BEGIN RECORDS FOR THE TASK

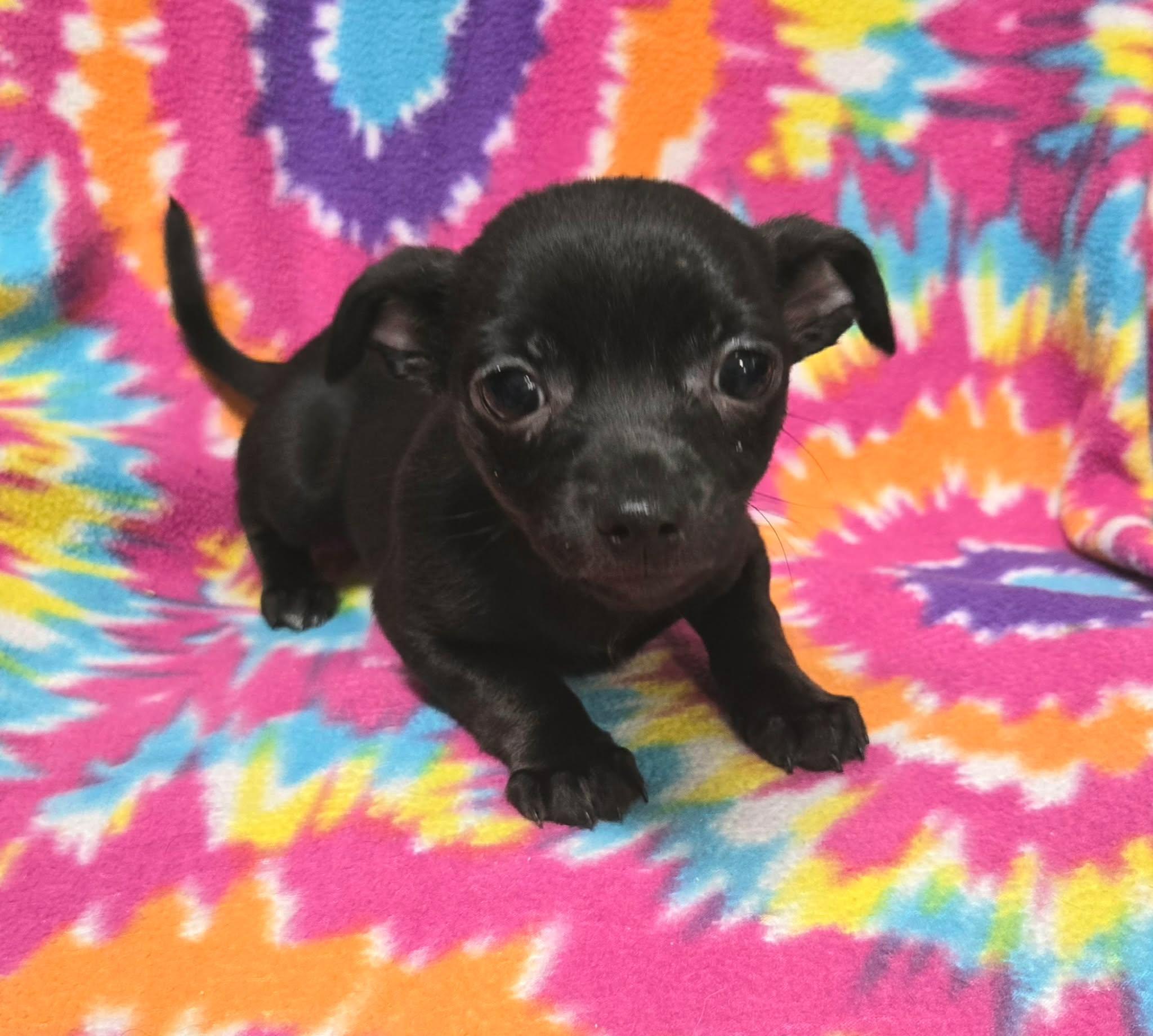 Enlarge Berry "Pie", a ADOPTABLE mixed breed in Anderson, SC image 1/4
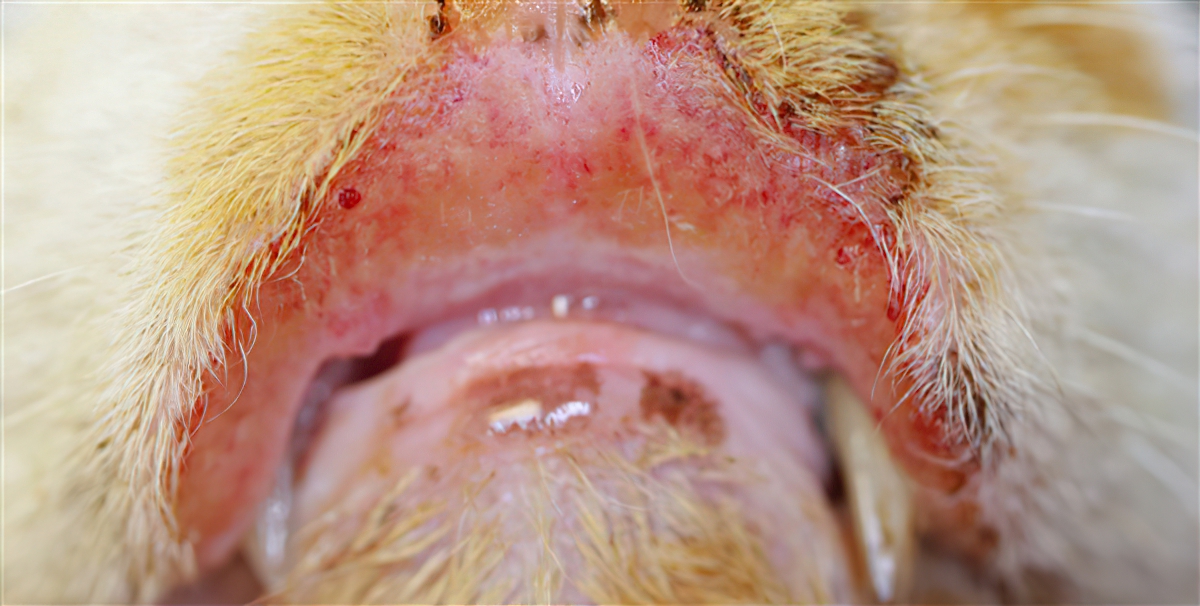 Feline Allergic Dermatitis: Indolent Ulcer, Eosinophilic Granuloma Complex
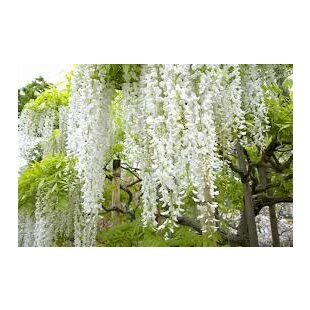 Vistéria Biela v črepniku 160/180 cm Wisteria White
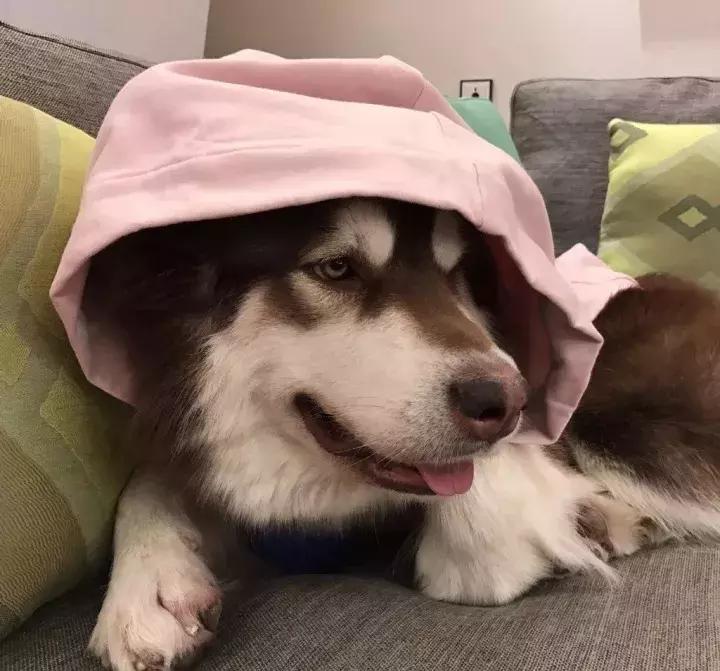 coco王思聪,王思聪名媛女友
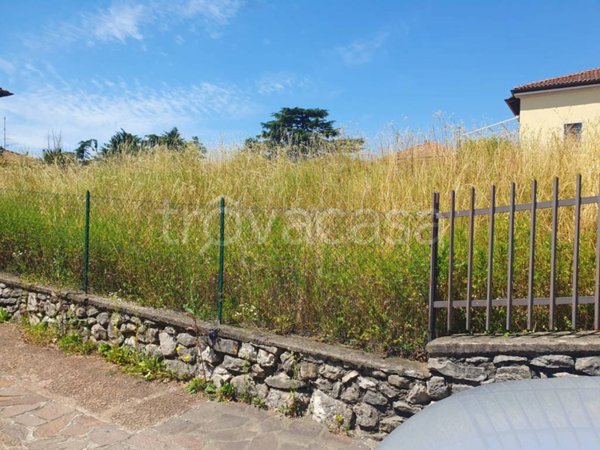 terreno agricolo in vendita a Saltrio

END RECORDS FOR THE TASK

**TASK TO COMPLETE**
Restating the data word for word is the task, and pictures are to be omitted.

**WRITTEN RESPONSE**
 Enlarge Berry "Pie", a ADOPTABLE mixed breed in Anderson, SC image 1/4
 Feline Allergic Dermatitis: Indolent Ulcer, Eosinophilic Granuloma Complex
 Vistéria Biela v črepniku 160/180 cm Wisteria White
 coco王思聪,王思聪名媛女友
 terreno agricolo in vendita a Saltrio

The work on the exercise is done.